Cromwell Gálvez
El cajero generoso y su delito mayor: robo por fantasía
Por Juan Manuel Robles
El protagonista de esta historia hizo que me detuvieran en la cárcel.
Él no lo recuerda, fue hace tiempo. La única vez que lo visité en la
céntrica prisión en la que lo encerraron, Cromwell Gálvez huyó de mí y
se apresuró a decir que no hablaba con la prensa. Le habían quitado la
libertad pero la fama insistía en quedársele, no podía sacársela de
encima ni dentro de los cuatro muros de una celda. Cromwell, el hombre
que había robado un banco durante años solo para poder acostarse con las
vedettes más deseables de Lima, estaba finalmente preso y las
carátulas de los diarios populares seguían poniendo su fotografía junto a
letras grandes multicolores. Yo había dado su nombre en la entrada del
penal diciendo que era su amigo, arriesgándome a lo que a veces nos
arriesgamos los reporteros: a que la persona que buscas te reciba mal.
Había guardado la esperanza de que adentro podría manejar la situación
portándome cortés, pero Cromwell Gálvez se mostró nerviosamente hostil y
dijo que solo recibía a familiares. No fue lo único que hizo. Se quejó
ante los guardias del penal y ellos le hicieron caso: me detuvieron y el
castigo consistió en dejarme cuatro horas encerrado por gracioso. No
hay nada que moleste más a un uniformado que un periodista que se hace
pasar por otra cosa. A la hora de salida, mientras avanzaba y
creía confundirme con la fila de visitantes, alguien me cogió del brazo y
me dijo: usted se queda. Me condujeron a una oficina diminuta y allí
empezó el interrogatorio. Mientras un efectivo de traje plomo tomaba mis
declaraciones, pude ver, a través de la abertura de la puerta, la
imagen del interno Cromwell Gálvez hablándole a otro oficial. Asomaban
sus ademanes de queja, una expresión de hartazgo en la mirada, cierta
indignación bajo el pelo grasiento. ¿Es que cualquier periodista entra
aquí como si nada? El oficial hacía gesto de mea culpa. Era
fácil entender que el interno tenía cierta clase de cercanía con él,
cierta llegada o conexión que atenuaba la frontera típica que hay entre
un preso y su celador.

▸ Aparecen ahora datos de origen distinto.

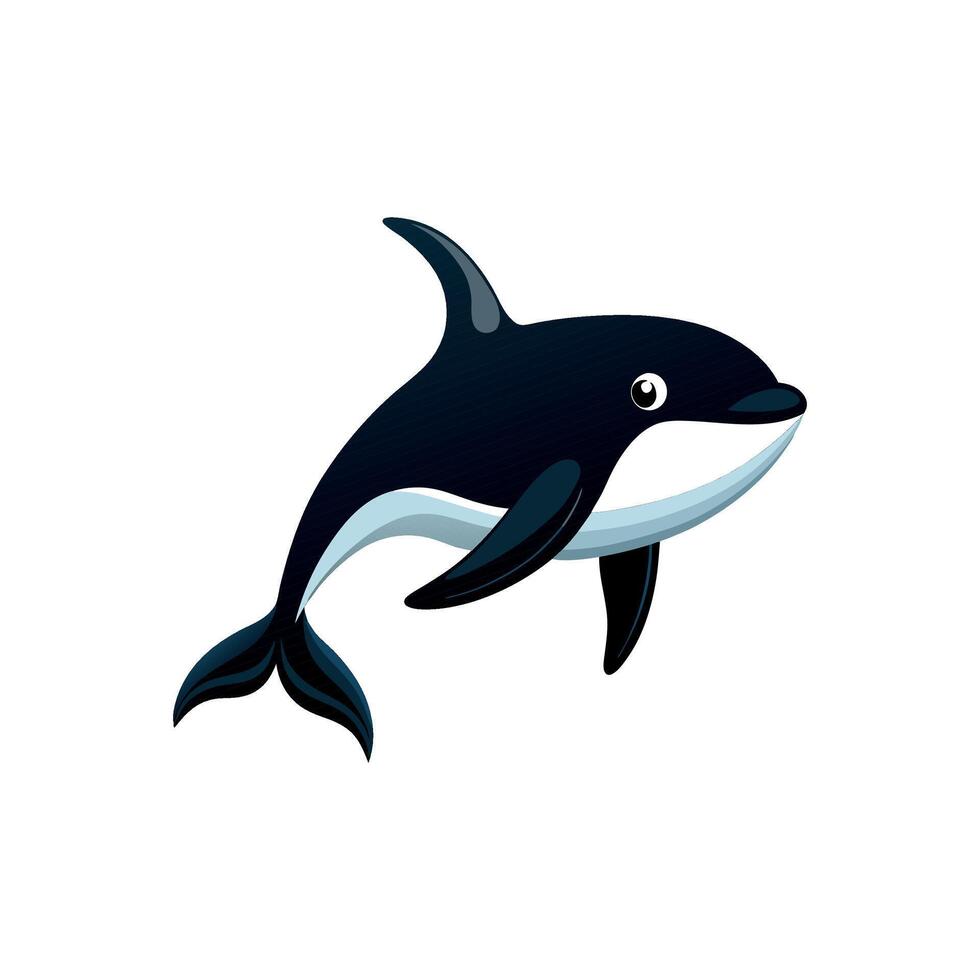 Whale Dreams Art from the Depths vector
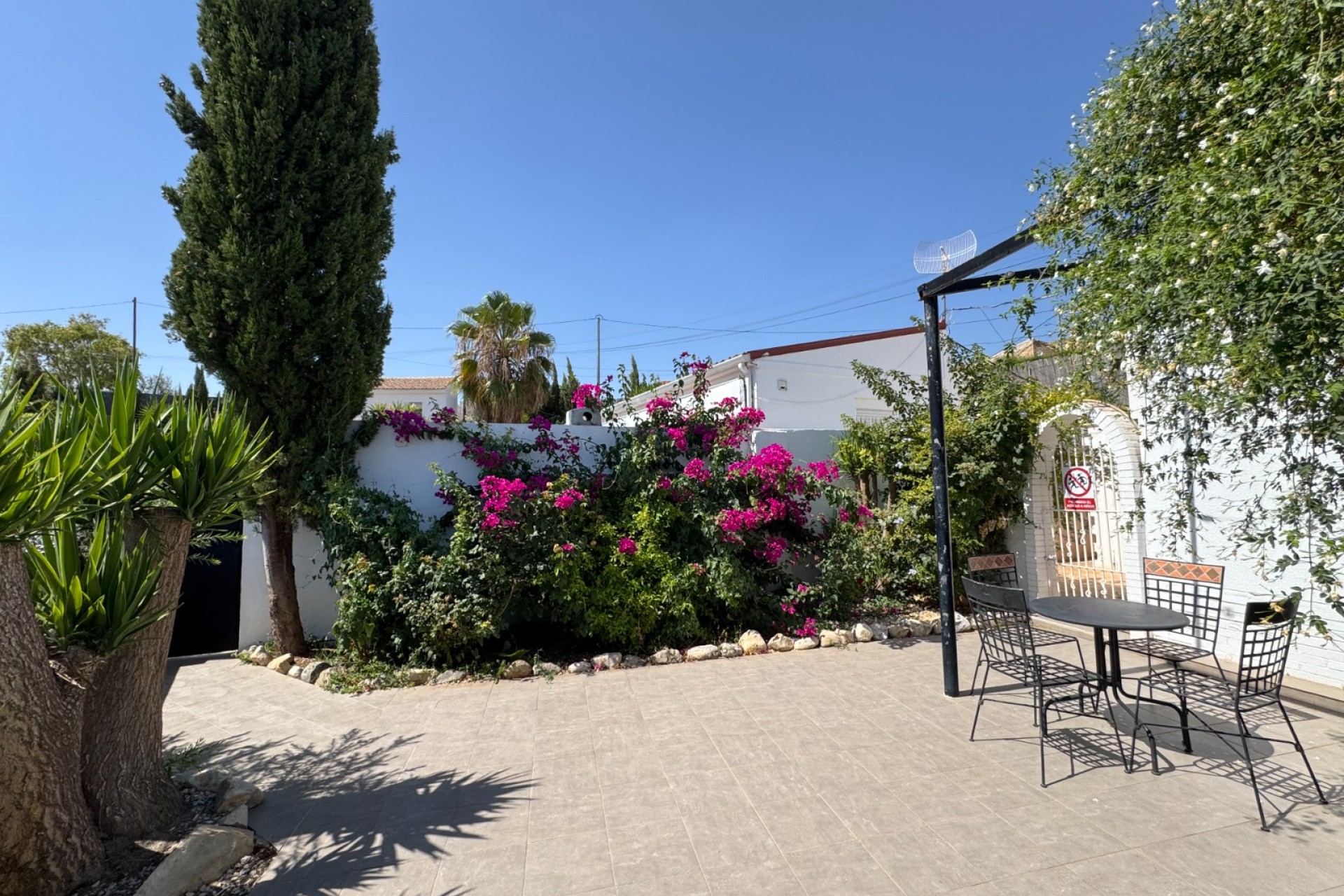 Herverkoop - Villa - Blanca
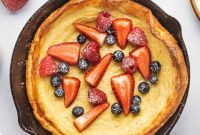 Golden Oven-Puffed Delight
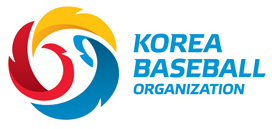 KBO 로고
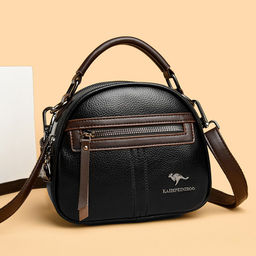 KAIDIFEINIROO Сумка женская 8737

Años más tarde entendería que el motivo de tanta
amabilidad era inocente: esos oficiales eran los mismos que, un día, le
habían pedido al nuevo y simpático recluso Cromwell Gálvez que les
contara eso. Eso de las vedettes.
Y Cromwell,
sonriente, les había empezado a contar la historia que lo ha hecho
famoso. La de las chicas. De cómo robar un banco durante cinco años sin
que nadie se dé cuenta con el único móvil de inaugurar una nueva
modalidad criminal: robo por fantasía. Disparar billetes como ráfagas y
así preparar orgías suculentas. Un día eres un correcto empleado
bancario y al día siguiente una sorpresa electrónica de cinco cifras en
la pantalla de la computadora cambia tu vida. Luego tienes dinero. Lo
gastas, lo prestas, ayudas a la gente, eres bueno, te quieren. Te
acuestas con ellas, con todas las que imaginaste. Te diviertes
como un chancho. Luego te descubren, todo se va a la mierda y sales en
la prensa. En primera plana. Una historia suficientemente poderosa como
para tener de qué hablar de por vida, o, al menos, para hacer nuevos
amigos en cualquier parte, incluso en la cárcel donde te encierran y
donde un periodista sin modales te busca en pleno domingo familiar.
Cromwell le dio la mano al uniformado y subió a su celda. Los oficiales
me dejaron salir del centro penitenciario recién a las nueve de la
noche, dándome la cariñosa recomendación de no regresar por allí. Un
fuerte ruido, el ruido universal del portón de hierro de una prisión
cerrándose, fue la señal de que ya estaba en la calle. Anoté en la
libreta una frase que entonces se hizo urgente: «Mientras escribo esta historia, Cromwell Gálvez se acostumbra a la cárcel». Pasarían años antes de volver a verlo.